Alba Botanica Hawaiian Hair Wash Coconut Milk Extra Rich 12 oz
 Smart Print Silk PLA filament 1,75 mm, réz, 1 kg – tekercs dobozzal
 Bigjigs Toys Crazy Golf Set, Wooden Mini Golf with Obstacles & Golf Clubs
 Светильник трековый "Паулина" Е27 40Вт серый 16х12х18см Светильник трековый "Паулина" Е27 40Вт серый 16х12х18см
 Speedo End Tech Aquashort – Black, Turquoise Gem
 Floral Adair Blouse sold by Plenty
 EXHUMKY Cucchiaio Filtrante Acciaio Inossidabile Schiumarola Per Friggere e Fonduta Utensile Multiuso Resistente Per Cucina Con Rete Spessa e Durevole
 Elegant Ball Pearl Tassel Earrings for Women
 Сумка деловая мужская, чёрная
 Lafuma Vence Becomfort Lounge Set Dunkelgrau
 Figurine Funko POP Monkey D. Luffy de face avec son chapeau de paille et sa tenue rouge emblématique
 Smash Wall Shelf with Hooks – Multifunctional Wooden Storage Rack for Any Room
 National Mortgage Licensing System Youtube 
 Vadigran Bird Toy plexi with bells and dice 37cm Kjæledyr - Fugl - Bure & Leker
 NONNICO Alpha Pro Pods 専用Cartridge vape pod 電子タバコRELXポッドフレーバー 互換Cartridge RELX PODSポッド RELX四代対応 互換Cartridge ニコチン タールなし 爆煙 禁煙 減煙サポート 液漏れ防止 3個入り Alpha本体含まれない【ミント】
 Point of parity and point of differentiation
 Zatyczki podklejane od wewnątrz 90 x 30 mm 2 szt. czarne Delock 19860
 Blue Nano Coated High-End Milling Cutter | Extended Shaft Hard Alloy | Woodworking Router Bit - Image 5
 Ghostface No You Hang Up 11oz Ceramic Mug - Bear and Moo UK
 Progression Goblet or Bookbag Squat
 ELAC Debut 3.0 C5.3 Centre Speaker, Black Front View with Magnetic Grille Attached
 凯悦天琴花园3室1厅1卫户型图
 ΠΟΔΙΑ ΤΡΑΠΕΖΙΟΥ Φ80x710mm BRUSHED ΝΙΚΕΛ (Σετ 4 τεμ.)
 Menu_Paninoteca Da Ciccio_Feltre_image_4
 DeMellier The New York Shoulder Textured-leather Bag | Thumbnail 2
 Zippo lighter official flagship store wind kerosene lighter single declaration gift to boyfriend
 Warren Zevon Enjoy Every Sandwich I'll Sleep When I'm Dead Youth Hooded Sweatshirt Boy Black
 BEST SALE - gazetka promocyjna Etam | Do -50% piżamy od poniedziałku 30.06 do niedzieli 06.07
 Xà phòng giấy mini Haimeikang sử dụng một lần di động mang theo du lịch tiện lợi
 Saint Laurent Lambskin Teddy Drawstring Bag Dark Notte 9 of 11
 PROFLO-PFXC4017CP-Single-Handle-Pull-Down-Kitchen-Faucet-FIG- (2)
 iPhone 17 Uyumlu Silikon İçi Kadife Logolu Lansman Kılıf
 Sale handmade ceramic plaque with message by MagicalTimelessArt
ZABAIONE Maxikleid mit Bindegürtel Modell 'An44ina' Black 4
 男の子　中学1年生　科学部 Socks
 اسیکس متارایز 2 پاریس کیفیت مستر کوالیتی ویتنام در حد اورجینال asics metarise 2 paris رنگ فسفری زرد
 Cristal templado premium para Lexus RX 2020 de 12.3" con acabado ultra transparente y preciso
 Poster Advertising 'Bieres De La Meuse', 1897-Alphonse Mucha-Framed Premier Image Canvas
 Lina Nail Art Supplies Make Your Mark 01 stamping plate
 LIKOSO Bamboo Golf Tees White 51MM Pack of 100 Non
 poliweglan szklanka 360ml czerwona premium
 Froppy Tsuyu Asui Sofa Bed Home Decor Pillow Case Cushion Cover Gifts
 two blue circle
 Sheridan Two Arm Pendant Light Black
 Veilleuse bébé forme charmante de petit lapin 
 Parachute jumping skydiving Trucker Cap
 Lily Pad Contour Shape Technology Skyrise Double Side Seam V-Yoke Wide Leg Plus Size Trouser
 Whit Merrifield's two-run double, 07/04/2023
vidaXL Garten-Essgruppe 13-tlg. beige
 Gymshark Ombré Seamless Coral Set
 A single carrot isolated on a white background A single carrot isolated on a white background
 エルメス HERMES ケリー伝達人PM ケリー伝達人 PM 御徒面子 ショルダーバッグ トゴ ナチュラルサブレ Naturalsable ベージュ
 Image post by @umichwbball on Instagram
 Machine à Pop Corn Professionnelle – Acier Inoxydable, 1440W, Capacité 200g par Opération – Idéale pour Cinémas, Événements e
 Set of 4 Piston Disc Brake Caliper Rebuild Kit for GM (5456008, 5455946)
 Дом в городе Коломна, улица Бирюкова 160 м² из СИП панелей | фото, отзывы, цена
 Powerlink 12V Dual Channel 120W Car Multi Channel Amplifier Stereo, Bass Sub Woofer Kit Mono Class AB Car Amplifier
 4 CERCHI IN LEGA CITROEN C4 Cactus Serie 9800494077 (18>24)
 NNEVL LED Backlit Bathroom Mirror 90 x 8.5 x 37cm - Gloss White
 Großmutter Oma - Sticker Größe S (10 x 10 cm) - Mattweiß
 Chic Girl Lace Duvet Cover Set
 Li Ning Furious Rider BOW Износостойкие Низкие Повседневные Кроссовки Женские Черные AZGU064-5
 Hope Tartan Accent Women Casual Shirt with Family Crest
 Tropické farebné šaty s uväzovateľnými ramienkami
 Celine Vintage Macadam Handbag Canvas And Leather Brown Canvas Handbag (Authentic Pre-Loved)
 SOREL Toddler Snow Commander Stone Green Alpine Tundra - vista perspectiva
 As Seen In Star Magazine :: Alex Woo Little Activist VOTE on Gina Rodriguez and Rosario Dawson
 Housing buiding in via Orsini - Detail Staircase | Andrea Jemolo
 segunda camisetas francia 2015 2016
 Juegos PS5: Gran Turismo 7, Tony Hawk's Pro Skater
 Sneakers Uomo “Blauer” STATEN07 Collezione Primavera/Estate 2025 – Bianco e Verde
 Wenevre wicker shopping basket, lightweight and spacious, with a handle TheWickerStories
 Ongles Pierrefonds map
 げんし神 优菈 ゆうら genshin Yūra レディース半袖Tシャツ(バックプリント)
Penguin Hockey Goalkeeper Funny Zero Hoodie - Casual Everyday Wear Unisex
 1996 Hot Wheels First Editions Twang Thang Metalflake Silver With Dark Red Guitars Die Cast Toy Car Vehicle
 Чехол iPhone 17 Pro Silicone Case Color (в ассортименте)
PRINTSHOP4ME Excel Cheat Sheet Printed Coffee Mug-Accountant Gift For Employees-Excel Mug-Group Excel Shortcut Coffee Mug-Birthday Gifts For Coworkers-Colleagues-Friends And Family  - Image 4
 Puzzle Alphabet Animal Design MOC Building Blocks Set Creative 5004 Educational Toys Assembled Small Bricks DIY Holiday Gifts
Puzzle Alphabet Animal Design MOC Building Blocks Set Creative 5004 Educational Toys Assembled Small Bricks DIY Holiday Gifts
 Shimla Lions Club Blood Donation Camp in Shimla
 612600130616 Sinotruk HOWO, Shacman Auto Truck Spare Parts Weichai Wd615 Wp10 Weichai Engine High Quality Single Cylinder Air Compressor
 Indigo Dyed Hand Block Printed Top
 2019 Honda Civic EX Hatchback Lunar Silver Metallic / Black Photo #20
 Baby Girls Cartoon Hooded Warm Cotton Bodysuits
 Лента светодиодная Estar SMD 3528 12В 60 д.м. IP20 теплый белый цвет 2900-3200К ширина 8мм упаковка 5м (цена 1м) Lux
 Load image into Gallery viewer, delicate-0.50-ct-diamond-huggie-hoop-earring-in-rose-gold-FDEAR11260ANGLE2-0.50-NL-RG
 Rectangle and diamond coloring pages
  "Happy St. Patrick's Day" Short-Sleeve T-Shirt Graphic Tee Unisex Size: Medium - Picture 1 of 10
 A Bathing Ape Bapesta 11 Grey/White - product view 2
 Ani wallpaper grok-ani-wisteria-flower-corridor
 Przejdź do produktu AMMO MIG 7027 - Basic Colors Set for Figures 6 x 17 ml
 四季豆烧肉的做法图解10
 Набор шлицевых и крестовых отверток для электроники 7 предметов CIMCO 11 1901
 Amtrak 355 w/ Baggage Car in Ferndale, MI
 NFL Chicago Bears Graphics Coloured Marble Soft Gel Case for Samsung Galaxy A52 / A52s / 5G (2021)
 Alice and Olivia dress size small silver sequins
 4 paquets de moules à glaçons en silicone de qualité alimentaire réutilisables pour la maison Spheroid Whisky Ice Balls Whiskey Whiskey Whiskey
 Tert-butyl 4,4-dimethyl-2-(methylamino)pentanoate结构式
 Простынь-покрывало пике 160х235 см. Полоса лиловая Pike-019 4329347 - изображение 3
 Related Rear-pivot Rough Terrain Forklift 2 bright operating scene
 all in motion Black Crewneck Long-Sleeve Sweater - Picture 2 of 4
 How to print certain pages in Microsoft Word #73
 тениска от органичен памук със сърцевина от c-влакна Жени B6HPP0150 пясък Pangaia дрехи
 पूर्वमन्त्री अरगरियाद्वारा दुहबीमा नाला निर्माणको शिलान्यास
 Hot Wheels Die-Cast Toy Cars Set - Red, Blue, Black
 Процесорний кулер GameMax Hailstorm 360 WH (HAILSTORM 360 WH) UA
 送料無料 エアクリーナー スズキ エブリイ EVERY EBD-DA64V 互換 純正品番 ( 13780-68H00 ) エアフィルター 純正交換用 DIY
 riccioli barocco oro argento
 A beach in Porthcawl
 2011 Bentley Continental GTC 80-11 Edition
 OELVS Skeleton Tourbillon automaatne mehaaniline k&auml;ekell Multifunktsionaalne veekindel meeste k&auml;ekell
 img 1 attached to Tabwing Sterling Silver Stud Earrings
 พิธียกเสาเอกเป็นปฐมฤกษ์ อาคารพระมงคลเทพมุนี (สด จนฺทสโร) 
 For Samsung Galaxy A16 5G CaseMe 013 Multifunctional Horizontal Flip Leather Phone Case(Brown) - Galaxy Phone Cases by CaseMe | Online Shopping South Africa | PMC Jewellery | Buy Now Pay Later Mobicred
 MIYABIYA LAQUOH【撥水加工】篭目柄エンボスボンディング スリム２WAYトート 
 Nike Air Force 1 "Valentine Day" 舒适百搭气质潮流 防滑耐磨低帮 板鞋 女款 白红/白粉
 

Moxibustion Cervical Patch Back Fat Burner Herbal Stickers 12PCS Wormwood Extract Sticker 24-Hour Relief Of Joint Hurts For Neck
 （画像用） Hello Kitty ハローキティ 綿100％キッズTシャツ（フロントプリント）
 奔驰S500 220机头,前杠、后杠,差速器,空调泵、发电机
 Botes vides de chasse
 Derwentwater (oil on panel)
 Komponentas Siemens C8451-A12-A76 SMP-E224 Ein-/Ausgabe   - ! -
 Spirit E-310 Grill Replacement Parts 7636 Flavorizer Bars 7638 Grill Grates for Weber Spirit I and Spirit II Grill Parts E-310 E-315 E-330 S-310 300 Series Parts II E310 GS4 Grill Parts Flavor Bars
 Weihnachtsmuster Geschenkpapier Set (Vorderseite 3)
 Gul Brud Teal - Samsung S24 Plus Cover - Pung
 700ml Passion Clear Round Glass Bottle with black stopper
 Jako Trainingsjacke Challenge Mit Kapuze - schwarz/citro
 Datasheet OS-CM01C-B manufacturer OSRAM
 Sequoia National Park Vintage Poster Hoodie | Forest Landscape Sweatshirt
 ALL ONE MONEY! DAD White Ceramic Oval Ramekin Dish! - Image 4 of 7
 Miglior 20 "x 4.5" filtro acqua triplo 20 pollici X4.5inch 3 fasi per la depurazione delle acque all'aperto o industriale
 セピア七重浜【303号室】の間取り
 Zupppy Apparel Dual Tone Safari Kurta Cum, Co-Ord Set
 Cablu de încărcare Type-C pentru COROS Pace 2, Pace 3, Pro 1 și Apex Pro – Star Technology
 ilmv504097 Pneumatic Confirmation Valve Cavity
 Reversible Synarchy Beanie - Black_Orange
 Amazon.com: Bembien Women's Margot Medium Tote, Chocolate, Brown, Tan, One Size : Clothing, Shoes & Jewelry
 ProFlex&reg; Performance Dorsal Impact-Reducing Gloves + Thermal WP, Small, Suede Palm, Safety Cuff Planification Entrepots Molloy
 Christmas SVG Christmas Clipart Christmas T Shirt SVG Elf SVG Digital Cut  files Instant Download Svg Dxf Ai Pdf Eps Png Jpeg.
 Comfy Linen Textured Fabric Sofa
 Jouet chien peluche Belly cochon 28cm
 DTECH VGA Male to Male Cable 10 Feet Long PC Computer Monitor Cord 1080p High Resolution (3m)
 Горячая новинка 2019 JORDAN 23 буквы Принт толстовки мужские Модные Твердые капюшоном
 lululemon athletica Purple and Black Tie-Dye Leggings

What the task asks: Above this instruction are the records; retype exactly the lines from the one containing "700ml Passion Clear" up to and including the one containing "Горячая новинка 2019".

Answer below:
 700ml Passion Clear Round Glass Bottle with black stopper
 Jako Trainingsjacke Challenge Mit Kapuze - schwarz/citro
 Datasheet OS-CM01C-B manufacturer OSRAM
 Sequoia National Park Vintage Poster Hoodie | Forest Landscape Sweatshirt
 ALL ONE MONEY! DAD White Ceramic Oval Ramekin Dish! - Image 4 of 7
 Miglior 20 "x 4.5" filtro acqua triplo 20 pollici X4.5inch 3 fasi per la depurazione delle acque all'aperto o industriale
 セピア七重浜【303号室】の間取り
 Zupppy Apparel Dual Tone Safari Kurta Cum, Co-Ord Set
 Cablu de încărcare Type-C pentru COROS Pace 2, Pace 3, Pro 1 și Apex Pro – Star Technology
 ilmv504097 Pneumatic Confirmation Valve Cavity
 Reversible Synarchy Beanie - Black_Orange
 Amazon.com: Bembien Women's Margot Medium Tote, Chocolate, Brown, Tan, One Size : Clothing, Shoes & Jewelry
 ProFlex&reg; Performance Dorsal Impact-Reducing Gloves + Thermal WP, Small, Suede Palm, Safety Cuff Planification Entrepots Molloy
 Christmas SVG Christmas Clipart Christmas T Shirt SVG Elf SVG Digital Cut  files Instant Download Svg Dxf Ai Pdf Eps Png Jpeg.
 Comfy Linen Textured Fabric Sofa
 Jouet chien peluche Belly cochon 28cm
 DTECH VGA Male to Male Cable 10 Feet Long PC Computer Monitor Cord 1080p High Resolution (3m)
 Горячая новинка 2019 JORDAN 23 буквы Принт толстовки мужские Модные Твердые капюшоном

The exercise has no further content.